EXERCISE DETAILS: Give again exactly the lines that stretch from the one with "C7105 Cross border" to the end of the data below, including both of those lines and nothing else.

Start of Block

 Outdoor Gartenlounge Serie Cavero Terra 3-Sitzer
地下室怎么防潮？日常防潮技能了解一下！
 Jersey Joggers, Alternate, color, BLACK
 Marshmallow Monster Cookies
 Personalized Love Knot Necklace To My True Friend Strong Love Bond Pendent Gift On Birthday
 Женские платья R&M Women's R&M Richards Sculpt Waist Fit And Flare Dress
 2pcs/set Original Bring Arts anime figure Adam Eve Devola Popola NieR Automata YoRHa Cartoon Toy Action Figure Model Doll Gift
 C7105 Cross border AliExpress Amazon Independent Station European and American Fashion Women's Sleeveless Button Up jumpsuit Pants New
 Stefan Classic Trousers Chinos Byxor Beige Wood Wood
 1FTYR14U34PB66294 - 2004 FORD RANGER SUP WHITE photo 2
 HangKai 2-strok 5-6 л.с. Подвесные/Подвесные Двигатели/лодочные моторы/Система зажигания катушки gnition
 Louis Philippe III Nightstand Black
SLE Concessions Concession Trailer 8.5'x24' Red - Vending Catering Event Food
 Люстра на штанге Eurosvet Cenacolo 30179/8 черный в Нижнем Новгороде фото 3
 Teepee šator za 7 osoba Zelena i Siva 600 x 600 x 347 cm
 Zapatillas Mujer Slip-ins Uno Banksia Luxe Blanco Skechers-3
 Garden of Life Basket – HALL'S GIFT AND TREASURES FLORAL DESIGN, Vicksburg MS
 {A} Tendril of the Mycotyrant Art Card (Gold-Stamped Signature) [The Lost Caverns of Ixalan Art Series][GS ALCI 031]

End of Block

SOLUTION BELOW:
 C7105 Cross border AliExpress Amazon Independent Station European and American Fashion Women's Sleeveless Button Up jumpsuit Pants New
 Stefan Classic Trousers Chinos Byxor Beige Wood Wood
 1FTYR14U34PB66294 - 2004 FORD RANGER SUP WHITE photo 2
 HangKai 2-strok 5-6 л.с. Подвесные/Подвесные Двигатели/лодочные моторы/Система зажигания катушки gnition
 Louis Philippe III Nightstand Black
SLE Concessions Concession Trailer 8.5'x24' Red - Vending Catering Event Food
 Люстра на штанге Eurosvet Cenacolo 30179/8 черный в Нижнем Новгороде фото 3
 Teepee šator za 7 osoba Zelena i Siva 600 x 600 x 347 cm
 Zapatillas Mujer Slip-ins Uno Banksia Luxe Blanco Skechers-3
 Garden of Life Basket – HALL'S GIFT AND TREASURES FLORAL DESIGN, Vicksburg MS
 {A} Tendril of the Mycotyrant Art Card (Gold-Stamped Signature) [The Lost Caverns of Ixalan Art Series][GS ALCI 031]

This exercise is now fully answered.